L’anno scorso è stato ricordato il centesimo anniversario della fondazione del Pci. Lo si è fatto in diverse sedi per riportare alla memoria il percorso politico epocale di un partito che è stato a lungo il riferimento principe delle masse lavoratrici. Una delle opere dedicate a questa storia è Livorno 1921. Dentro e oltre la classe operaia di Olimpia Capitano (4 Punte Edizioni, pp. 152, euro 15).

INTRODOTTO dalla prefazione di Vladimiro Giacché, il libro contribuisce alle iniziative svoltesi nel centenario con una ricostruzione storica dei fermenti politici e sociali in atto negli ambienti della sinistra livornese a cavallo fra il XIX e il XX secolo, a partire dal 1860. A cavallo di due secoli, si diceva: epoca caratterizzata dall’avvio del processo industriale di una città che nel passato era stata porto franco, meta di mercanti stranieri, sede di consolati e di compagnie di navigazione. Una storia che ha portato Livorno a divenire una realtà multietnica e multiculturale, come sottolineato da Capitano con descrizioni efficaci di questo aspetto peculiare della città toscana.

NELLA RICOGNIZIONE storica cui dà luogo, il libro passa per un’esposizione e analisi delle tensioni esistenti all’interno della sinistra italiana nel primo Novecento. Si fa così riferimento alla campagna di Libia, avviata nel 1911, e all’opposizione alle guerre coloniali da parte di una sinistra non unita, caso mai lacerata da lotte intestine. Di questa opposizione era stato partecipe anche il socialismo livornese che, come scrive l’autrice del volume, «si stava attestando su posizioni più massimaliste pur rimanendo legato a un’impostazione politica tutt’altro che rivoluzionaria».

L’ESPOSIZIONE ci consegna l’immagine della Livorno in quel periodo di intensa conflittualità di classe noto come biennio rosso, e si impegna in una ricognizione del primo comunismo livornese (1921 -1922), con il XVII congresso del Partito Socialista tenutosi nella città portuale dal 15 al 21 gennaio del 1921. Anno, quest’ultimo, in cui ha avuto luogo la scissione del partito, sempre più diviso da controversie interne che avrebbero portato alla formazione del nuovo Pcd’I, sezione italiana della III Internazionale.
Come scrive Giacché nella sua prefazione, la scissione di Livorno è stato oggetto di riletture e interpretazioni che, in occasione del centenario sono apparse «accomunate da un assioma di partenza: quella scissione fu un errore, fondato sulla prospettiva sbagliata e perdente della rivoluzione in occidente, sulle orme e sull’esempio della rivoluzione russa del 1917».

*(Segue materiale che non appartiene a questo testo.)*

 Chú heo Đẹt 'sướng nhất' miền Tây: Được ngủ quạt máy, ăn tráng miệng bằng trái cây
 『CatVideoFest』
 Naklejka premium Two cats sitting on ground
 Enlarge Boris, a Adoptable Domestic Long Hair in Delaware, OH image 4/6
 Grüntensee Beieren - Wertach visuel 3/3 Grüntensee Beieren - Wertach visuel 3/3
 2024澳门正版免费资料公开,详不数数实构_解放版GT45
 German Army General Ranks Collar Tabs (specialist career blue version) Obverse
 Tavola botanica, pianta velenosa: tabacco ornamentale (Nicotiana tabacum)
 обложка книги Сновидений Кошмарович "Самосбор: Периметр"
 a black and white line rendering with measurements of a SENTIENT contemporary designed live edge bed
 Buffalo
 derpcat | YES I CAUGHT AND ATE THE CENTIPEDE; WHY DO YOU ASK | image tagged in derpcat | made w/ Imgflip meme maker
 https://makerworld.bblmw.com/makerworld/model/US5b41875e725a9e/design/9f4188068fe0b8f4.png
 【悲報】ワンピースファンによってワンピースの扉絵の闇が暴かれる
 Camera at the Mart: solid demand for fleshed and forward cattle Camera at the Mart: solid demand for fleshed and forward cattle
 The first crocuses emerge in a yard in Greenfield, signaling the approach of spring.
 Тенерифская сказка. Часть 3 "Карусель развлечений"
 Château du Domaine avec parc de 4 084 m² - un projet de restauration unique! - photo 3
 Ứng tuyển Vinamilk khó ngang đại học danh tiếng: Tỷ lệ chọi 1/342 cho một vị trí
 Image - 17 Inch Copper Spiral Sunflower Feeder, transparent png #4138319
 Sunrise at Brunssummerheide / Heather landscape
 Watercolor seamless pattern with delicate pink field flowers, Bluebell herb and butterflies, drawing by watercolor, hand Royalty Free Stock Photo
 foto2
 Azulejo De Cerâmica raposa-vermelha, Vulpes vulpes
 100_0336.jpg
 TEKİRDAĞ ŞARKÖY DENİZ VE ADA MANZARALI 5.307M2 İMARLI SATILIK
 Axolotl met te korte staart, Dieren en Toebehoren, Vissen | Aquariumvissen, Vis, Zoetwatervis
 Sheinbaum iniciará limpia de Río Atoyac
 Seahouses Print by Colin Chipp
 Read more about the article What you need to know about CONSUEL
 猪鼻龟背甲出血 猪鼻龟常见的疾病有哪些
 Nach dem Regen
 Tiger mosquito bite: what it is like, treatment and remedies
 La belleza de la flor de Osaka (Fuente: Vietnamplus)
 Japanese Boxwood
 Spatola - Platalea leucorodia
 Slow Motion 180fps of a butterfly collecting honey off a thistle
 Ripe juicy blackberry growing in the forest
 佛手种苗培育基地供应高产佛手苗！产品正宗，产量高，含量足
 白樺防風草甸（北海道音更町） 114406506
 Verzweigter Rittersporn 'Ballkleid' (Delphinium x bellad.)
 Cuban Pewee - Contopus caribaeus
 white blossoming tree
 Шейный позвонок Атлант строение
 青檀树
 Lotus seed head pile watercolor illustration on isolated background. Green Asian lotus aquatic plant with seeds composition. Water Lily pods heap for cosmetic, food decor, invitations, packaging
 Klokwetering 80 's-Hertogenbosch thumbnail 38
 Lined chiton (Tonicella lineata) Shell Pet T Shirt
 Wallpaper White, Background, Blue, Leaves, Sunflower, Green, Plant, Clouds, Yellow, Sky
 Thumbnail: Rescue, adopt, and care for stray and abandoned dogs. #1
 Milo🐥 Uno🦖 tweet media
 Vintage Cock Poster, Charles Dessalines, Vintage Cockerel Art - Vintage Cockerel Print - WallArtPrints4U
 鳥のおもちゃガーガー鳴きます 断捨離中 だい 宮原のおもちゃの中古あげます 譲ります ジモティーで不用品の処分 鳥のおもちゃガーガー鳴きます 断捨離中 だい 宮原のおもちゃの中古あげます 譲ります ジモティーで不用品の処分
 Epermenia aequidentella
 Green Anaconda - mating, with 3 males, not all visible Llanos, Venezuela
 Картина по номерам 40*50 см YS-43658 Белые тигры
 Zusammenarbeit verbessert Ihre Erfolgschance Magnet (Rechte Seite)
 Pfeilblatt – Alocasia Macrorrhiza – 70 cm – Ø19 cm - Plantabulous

NELLA SUA OPERA, Capitano non manca di dedicare spazio ad alcune delle personalità di rilievo del comunismo livornese: Livio Barontini, «uomo di partito» ma soprattutto «militante libertario», e Mauro Nocchi, la cui coscienza politica si è formata «imparando dalla concezione popolare e spontaneista dell’antifascismo livornese».
Quel Mauro Nocchi che, dopo la Bolognina, ha deciso di uscire dal partito che per lui «era sempre stato una cosa bella e non un ‘bambolotto di pezza’», come era stato chiamato da Fabio Mussi nel suo impegno a difendere la liquidazione del Pci.